Nobel laureate, Prof. Wole Soyinka, has condemned the re-introduction of the Bill on National Water Resources 2020 to the National Assembly.
In a statement issued yesterday, Soyinka warned that the bill, if passed into law, would hand the president “absolute control over the nation’s entire water resources, both over and underground.
“A roundly condemned project, blasted out of sight by public outrage one or two years ago, is being exhumed and sneaked back into service by none other than a failed government, and with the consent of a body of people, supposedly elected to serve as custodians of the rights, freedoms and existential exigencies of millions,” Soyinka said in the statement titled MLK’s Mighty Stream of Righteosuness,’ in reference to the late Martin Luther King’s ‘I have a dream’ speech.
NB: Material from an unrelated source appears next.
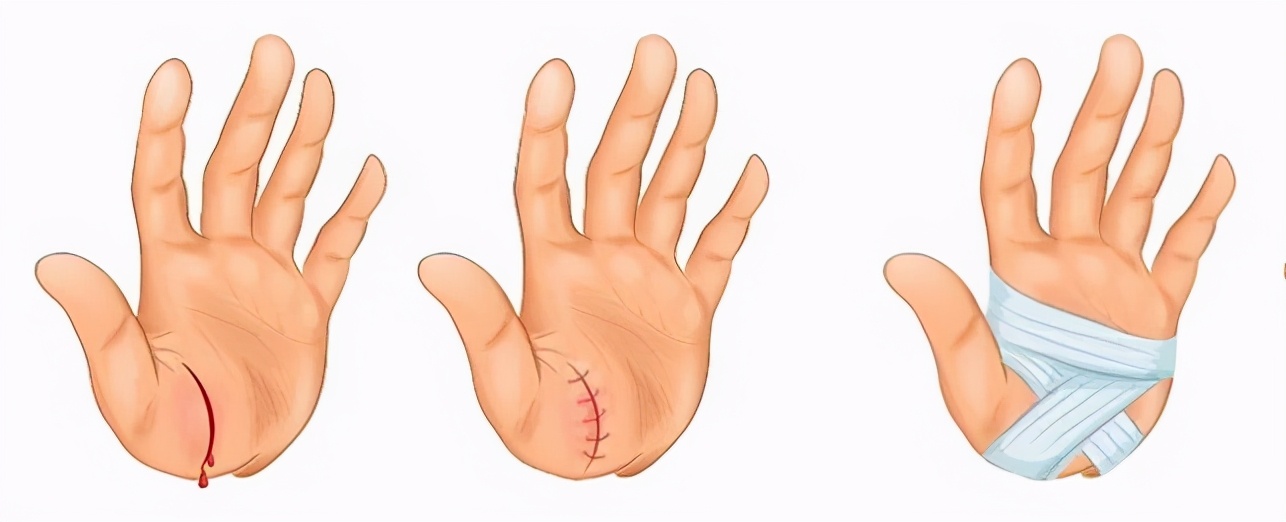 健身如何避免肌肉粘连,健身粘连是什么意思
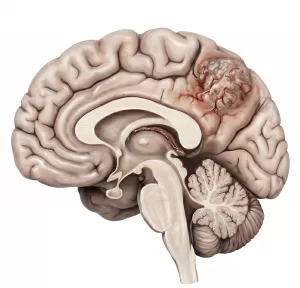 Beyin Tümörü 2 beyin tumor kanser sicrama glioblastom astrositom 1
The Premium Times reported that the bill, which failed to get a concurrent passage by both Houses in the Eighth Assembly, has passed second reading in the House of Representatives and has been referred to a House committee.
The leaders of the southern Nigeria had kicked against the bill, alleging that it is ploy by federal government to hand over the waters and river banks to the killer-herdsman and the earlier attempts to annex their ancestral lands through RUGA programme failed.
Civil society groups had also argued that the bill would breach Nigerians the right to water.
The Nobel laureate said it is time to move beyond denunciations and embark on practical responses for the bill’s “formal deactivation and permanent internment.”
“Let all retain in their minds that, from the same source that preached the ‘streams of righteousness’ is encountered the promise of ‘no more floods, the fire next time.’
“In any case, let the promulgators of this obscenity, high and low, understand that the placid waters they think to control unjustly and grotesquely, will turn to be Martin Luther King’s ‘mighty stream of righteousness’ that will overwhelm and sweep them off their complacent, and increasingly loathsome sectarian, conspiratorial heights.
“One polluted stream of human existence compounds the next. A violation here joins forces with its tributary of resentment there yonder, all seemingly unconnected. Martin Luther King’s streams of righteousness turn into a mighty torrent of repulse that overwhelms the perpetrators but, alas, takes down much else as collateral, irreparable damage.
“That is the only cause for regret and – restraint. Hence our duty to position that anguished question frontally, and call the world to witness our open propagation of that challenge: Do future lives matter?
“Let Buhari and his myrmidons ponder that question in the deepest recesses of their hearts and minds. They should not bequeath to future generations the harvest of the grapes of wrath,” Soyinka added.